What needs to be done: In the entries below, find the line with "Image ajoutée par Dorian" and the line with "江宗石伸手拿出两张银行卡二维码生成"; give again those lines and every line between them, exactly.

Input material:
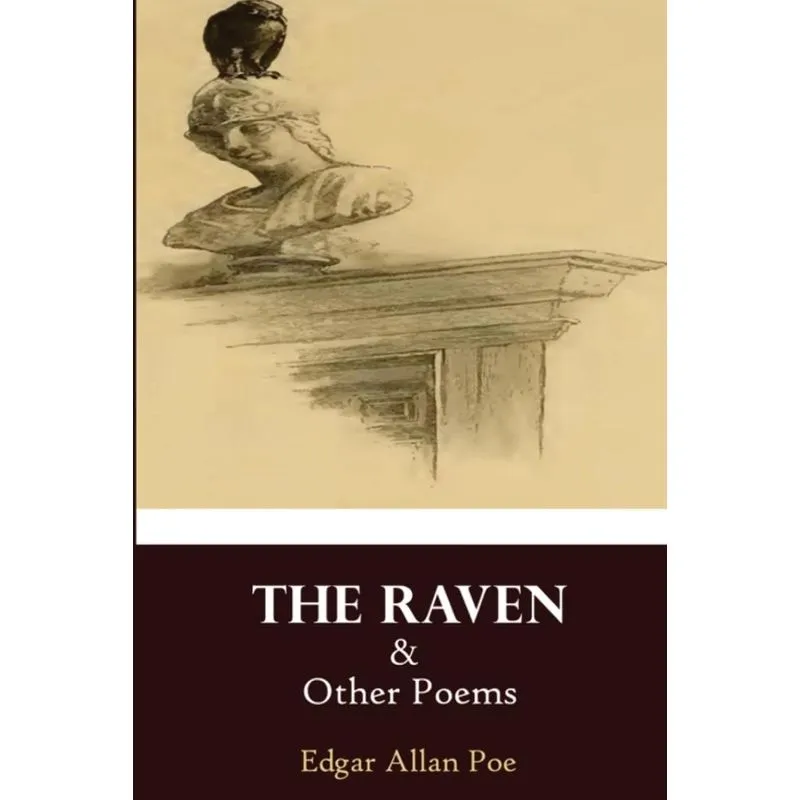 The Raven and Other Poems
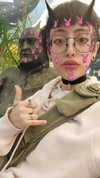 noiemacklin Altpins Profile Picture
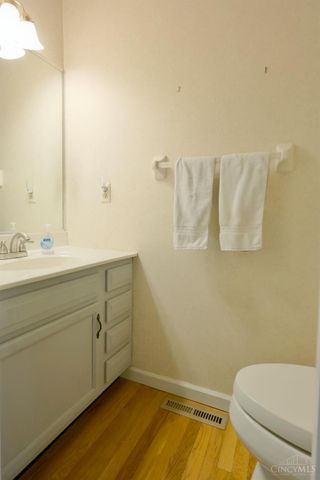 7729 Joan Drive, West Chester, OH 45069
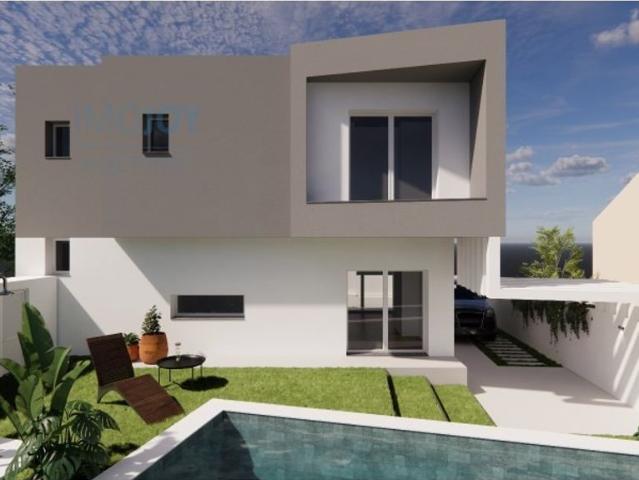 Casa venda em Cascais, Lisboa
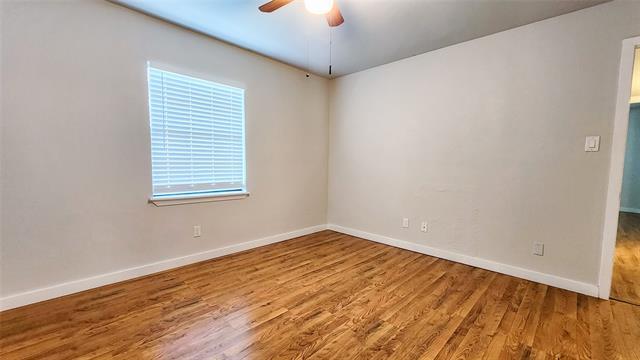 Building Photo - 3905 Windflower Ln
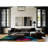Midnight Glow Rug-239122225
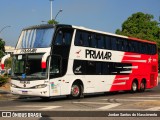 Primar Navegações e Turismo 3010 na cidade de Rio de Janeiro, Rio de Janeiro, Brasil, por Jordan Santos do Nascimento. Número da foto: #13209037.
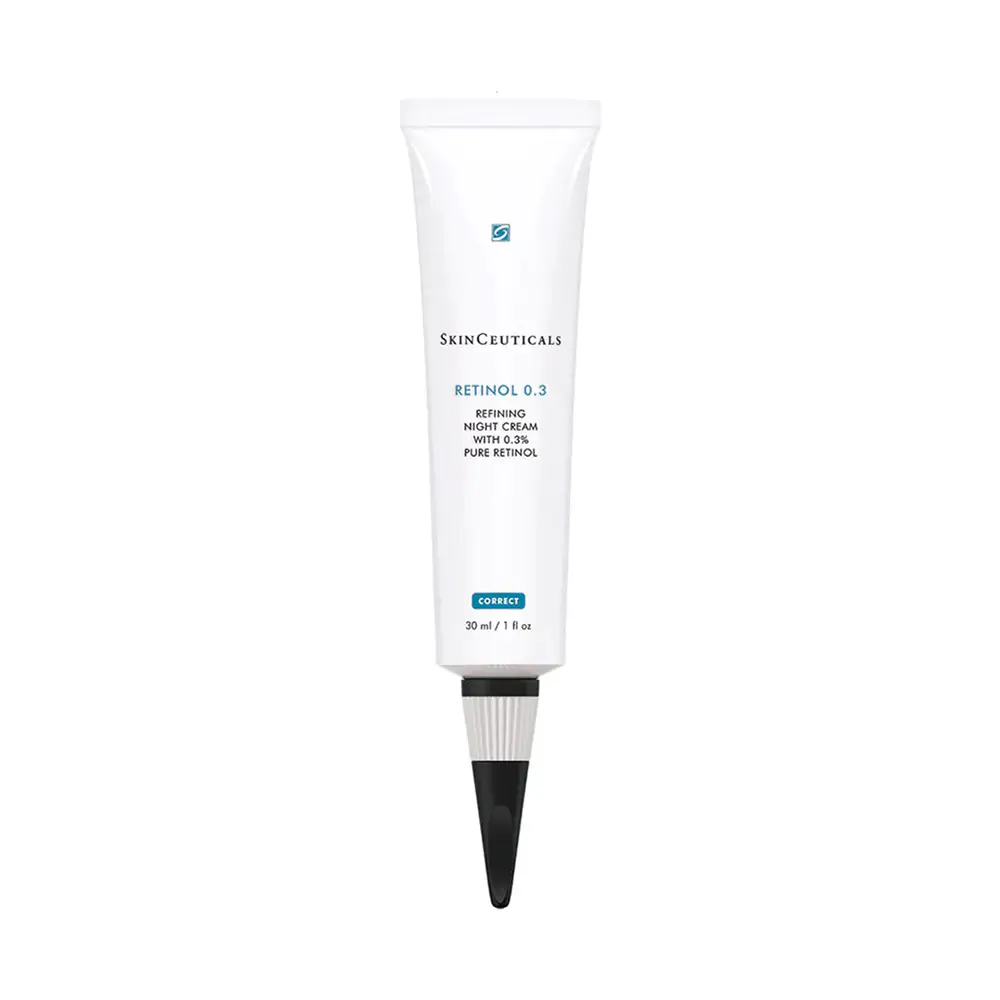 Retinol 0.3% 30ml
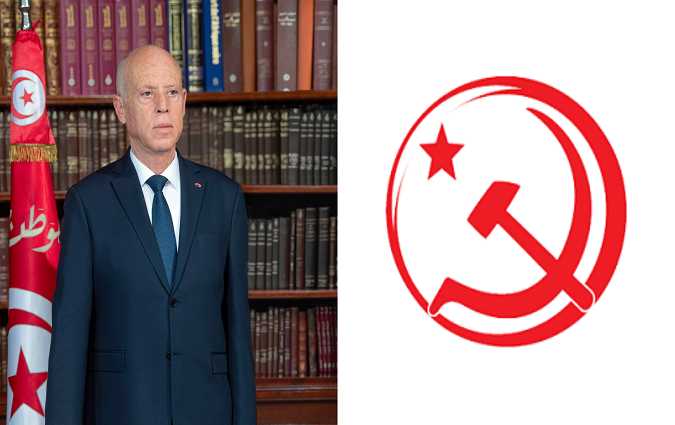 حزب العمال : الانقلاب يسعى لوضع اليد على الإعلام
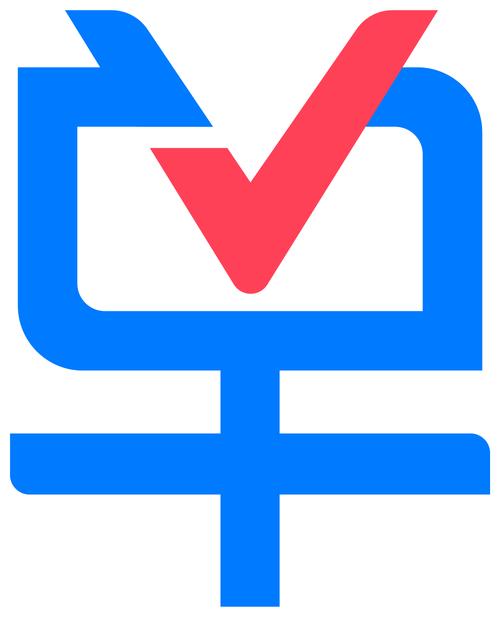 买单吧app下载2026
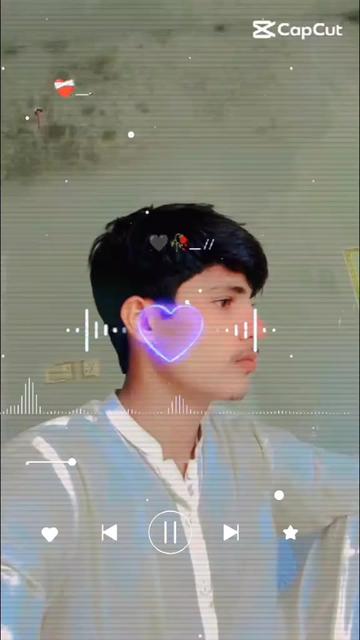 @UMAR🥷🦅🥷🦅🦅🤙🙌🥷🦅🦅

---

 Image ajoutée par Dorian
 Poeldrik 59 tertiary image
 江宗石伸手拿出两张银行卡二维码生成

--

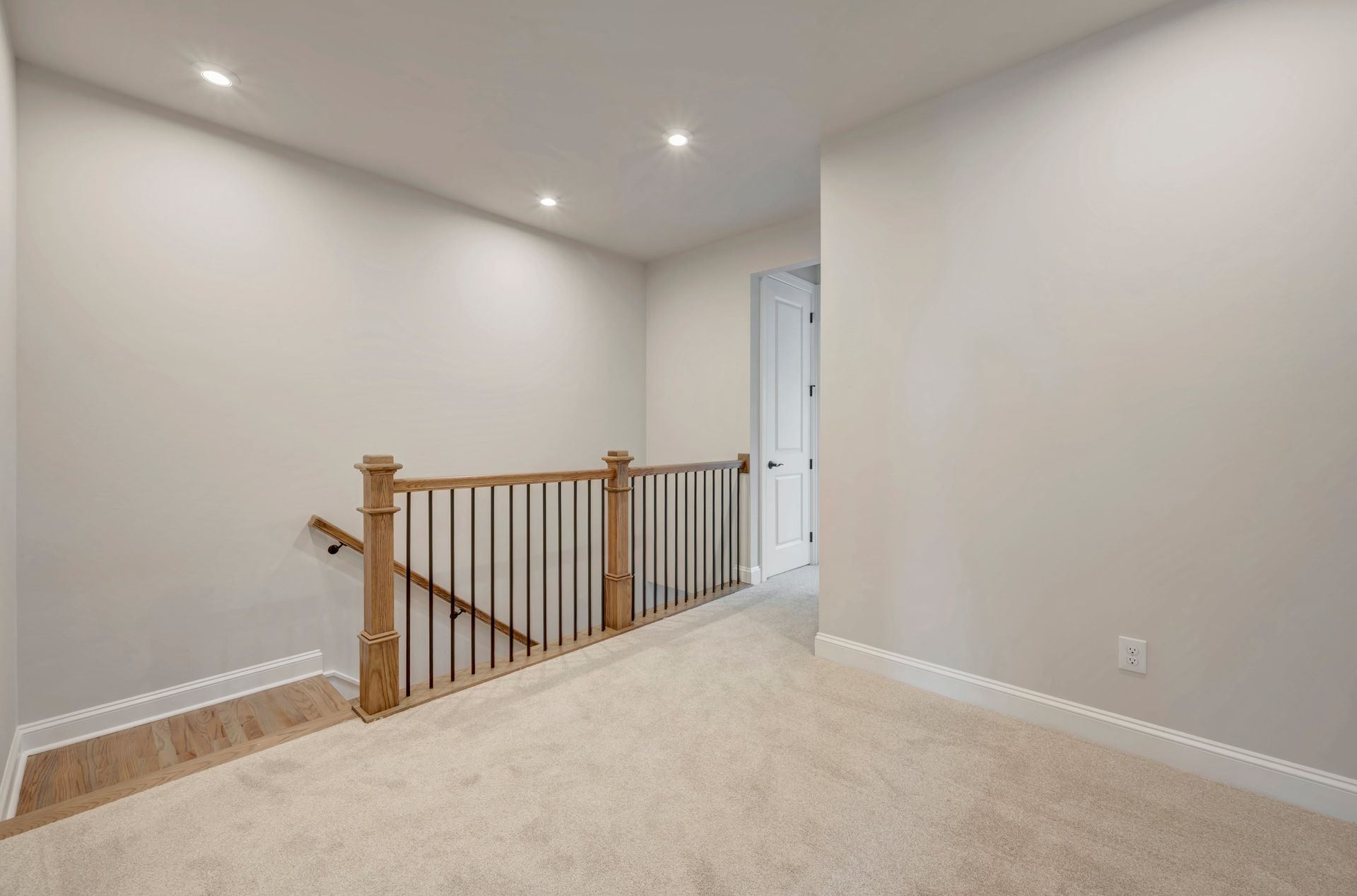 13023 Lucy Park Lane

Result for this exercise:
 Image ajoutée par Dorian
 Poeldrik 59 tertiary image
 江宗石伸手拿出两张银行卡二维码生成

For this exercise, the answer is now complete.